First Impressions on Opportunities and Challenges
A few early developments provide elements of hope for Belize’s second opportunity to forge a new constitution. Importantly, the enabling legislation for the 2022 Commission was supported by the UDP Opposition in the National Assembly, providing indispensable bi-partisan credibility at least at the start. Anthony Chanona, a popular former mayor and senator generally regarded as a person of high integrity and independence, has been nominated by Prime Minister Briceño to chair the Commission; however, this has yet to be formalized. While the concerns of exclusion from the Commission will need to be adequately resolved, they also signal that there is keen interest from organized civil society to participate.
It appears that civil society organizations and political parties alike have welcomed the expanded membership and the commitment to a people’s referendum...
It appears that civil society organizations and political parties alike have welcomed the expanded membership and the commitment to a people’s referendum if the outcome of the process so warrants. The 1999 Commission could only make recommendations to parliament, and in addition to limiting the sense of ownership of the process by the people, key proposals of that Commission were ignored or watered down. For the potential of people’s ownership to be realized and for a referendum to be meaningful, the Commission must see itself not as a body of elite constitutional drafters but as a facilitator of a truly consultative process to determine and heed what the people want in a new or reformed Constitution. Although a referendum is at least two years away, in designing its strategies the 2022 Commission should heed the lessons from the failed attempts to approve new constitutions by referenda by St. Vincent and the Grenadines in 2009, Grenada in 2016 and most recently in Chile this year. These experiences indicate that the people must be made aware of the role of a constitution and have agency in its creation and promotion, that the prospects of divisive partisan splits have to be mitigated, and that the proponents of a new constitution must campaign as effectively as opponents and promote its attributes with simple messages.
Critically, the people’s interest and informed participation in the process will have to be catalysed by a comprehensive and well-resourced public relations and awareness effort led by the Commission itself. This will be no easy task given the complexity of constitutional reform processes and the plethora of urgent social and economic issues that dominate the national agenda.

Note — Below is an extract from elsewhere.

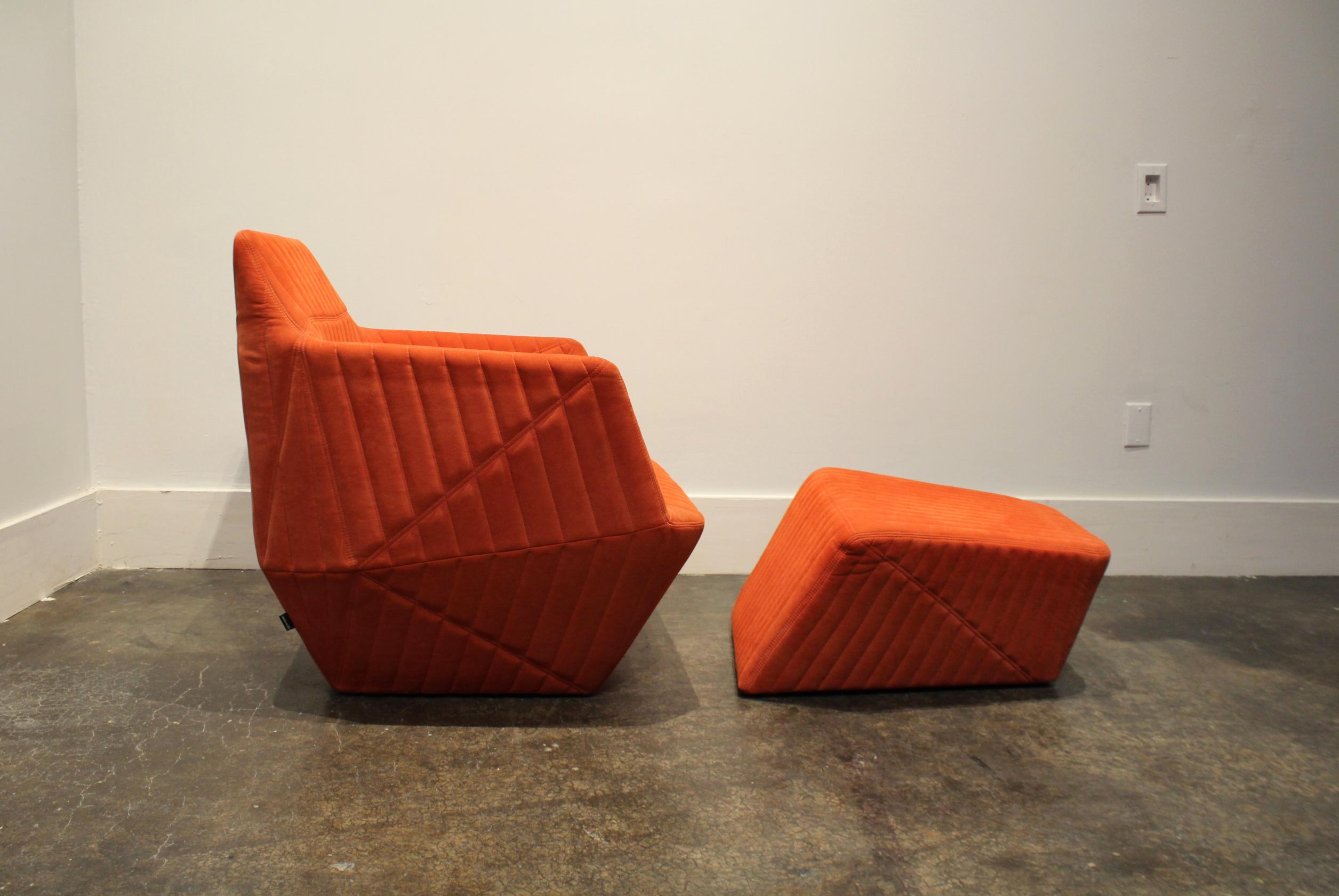Modern Facett lounge chair and ottoman by R. & E. Bouroullec for Ligne Roset in rare tangerine/orange color. The extensive stitching across all surfaces of this piece gives it a monolithic, and very contemporary, sculpted look. Construction; three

It is positive then that the PCC Act allows for an 18-month process and a potential six- month extension if approved by the Prime Minister.
As was the case with most Commonwealth Caribbean states, the people of Belize had little influence on the constitution inherited from the United Kingdom at independence. As such, it cannot truly be called a people’s constitution. Constitutional amendments since independence have left the basic Westminster governance structure and electoral process of the inherited Independence Constitution largely intact – and the British monarch still reigns as Head of State. For there to be a constitution that advances the decolonization process, the people of Belize will have to agree on how best to address the gaps and weaknesses of the Constitution and governance processes exposed over the past four decades.
The PCC potentially represents the best opportunity since independence to tackle such issues in a new Constitution. A lot must go right for the opportunity to be fully seized by the Commission and by Belizeans and dangers do lurk. Forging and keeping civil society and cross-party support for the process will be critical. In the end, the fate of the reform process may well hinge on how effectively the Commission can stimulate informed public participation and creatively and coherently translate all inputs into a people’s constitution that balances existing political culture with the current aspirations of the Belizean people.
Dr Dylan Vernon, a former civil society leader and former Ambassador of Belize to the European Union, is a political scientist and long-time governance reform advocate. He chaired the Political Reform Commission of Belize in 1999 and is currently the director of D-GoV Consulting Ltd in Belize.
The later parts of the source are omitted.